Speech To Text To Speech

DP
What happens if you then re synthesise from text? With Sphinx, I don't know, with this algorithm?


JR
Mmm.. what would happen? That's a big question.


DP
Because, I mean, that way is not univocal. It has not a solution which is just one possibility.


JR
I think in the other direction it would have a definite mapping. I think so. Because, you know, you are gonna have a translation of these phonemes in the end, to any kind of speech synthesis algorithm you use. Clear parameters that any phoneme maps to. So I think you would get much more consistent output than you would [in the opposite direction].


DP
And what if you speak a phrase, and this would be recognised outputting a text. From that text you would re synthesise the speech, and then put it back again, forming a loop. This would never change? So this would never deviate from the original?


JR 
You mean synthesise and then it listen to itself. It becomes kind of like ?I'm siting in a room'.


HHR 
Somebody did that by the way, I think.


DP
I would, of course.


JR
Yeah, maybe we can find out what happens.


DP
It's interesting because then there's a kind of space in the algorithm itself.


HHR
Maybe "gh gh gh" at some point settles on some words..


DP
Yeah, or it is so good that it doesn't.


JR
Yeah maybe it's perfectly lossless.


DP
Yeah exactly. That would be interesting.


JR 
It would be really interesting. Well, maybe there's kind of a convergence point, depending on what the initial qualities of the speaker's voice. Maybe it converges and maybe it doesn't converge.
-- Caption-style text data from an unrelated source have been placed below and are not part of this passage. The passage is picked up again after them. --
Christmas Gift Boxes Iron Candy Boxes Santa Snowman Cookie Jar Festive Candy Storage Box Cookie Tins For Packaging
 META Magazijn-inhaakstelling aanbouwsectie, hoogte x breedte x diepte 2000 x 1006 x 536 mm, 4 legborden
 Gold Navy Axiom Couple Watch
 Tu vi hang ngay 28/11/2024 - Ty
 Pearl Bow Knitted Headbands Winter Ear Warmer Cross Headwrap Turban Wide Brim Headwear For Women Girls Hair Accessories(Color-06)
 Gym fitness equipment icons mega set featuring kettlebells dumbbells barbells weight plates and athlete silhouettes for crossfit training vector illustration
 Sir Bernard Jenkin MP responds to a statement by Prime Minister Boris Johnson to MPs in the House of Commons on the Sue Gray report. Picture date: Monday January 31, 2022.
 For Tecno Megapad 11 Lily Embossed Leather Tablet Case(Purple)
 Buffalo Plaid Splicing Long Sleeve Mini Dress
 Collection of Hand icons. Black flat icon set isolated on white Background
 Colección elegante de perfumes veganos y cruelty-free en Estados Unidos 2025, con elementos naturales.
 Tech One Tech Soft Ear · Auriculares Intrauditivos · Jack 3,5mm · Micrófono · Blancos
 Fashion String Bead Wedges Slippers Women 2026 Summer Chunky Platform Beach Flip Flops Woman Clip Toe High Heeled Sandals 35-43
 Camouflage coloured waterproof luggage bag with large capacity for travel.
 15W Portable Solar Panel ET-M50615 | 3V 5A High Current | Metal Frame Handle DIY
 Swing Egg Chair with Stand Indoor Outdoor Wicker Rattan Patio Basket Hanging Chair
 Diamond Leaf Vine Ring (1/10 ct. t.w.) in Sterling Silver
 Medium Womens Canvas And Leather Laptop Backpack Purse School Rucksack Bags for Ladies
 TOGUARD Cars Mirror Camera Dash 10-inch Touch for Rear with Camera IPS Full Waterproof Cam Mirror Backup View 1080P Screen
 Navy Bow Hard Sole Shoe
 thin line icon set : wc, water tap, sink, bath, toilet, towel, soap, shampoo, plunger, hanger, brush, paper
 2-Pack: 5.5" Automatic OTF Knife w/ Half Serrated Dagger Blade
Maybe it oscillates, I don't know. That could be really interesting.


DP
Or maybe it gets really sine toning, because stuff that is noisy part or muffled parts would probably fade away after a while. Could be, I don't know.


JR
I don't know, I'm really curious about that. Sphinx doesn't have a synthesis engine, I don't think.


DP 
Probably you would have to reimplement this. But that could be interesting, I mean, you could live code SC, you could speak something into SC and SC would resynthesise what you are speaking to him, using the same features that Sphinx would analyse. So, it's a quite literal translation of live coding. I mean, you are telling SC what to synthesise. Which is not how to control synthesis, but, quite literally, what sound it should output.


JR
It would be nice to be able to do that in a more flexible way. Because at that point you might as well just remove the language interpretation layer all together and.. I mean, that's basically the idea of the vocoder, right? You translate the sound of your voice into synthesis parameters which try to kind of reproduce that.


DP
Yeah, but with that in between step that goes through the language understanding.


JR
So there should be a level of language understanding. Or probably phonetic would be interesting.


DP
Yeah.


JR
Phonetic training is something I would really like to explore a little bit, if there's time. Cause that seems to be an area where there's quite a lot of interesting possibilities in terms of linguistic gestures to be recognised as something meaningful. The way you say something rather than what you say.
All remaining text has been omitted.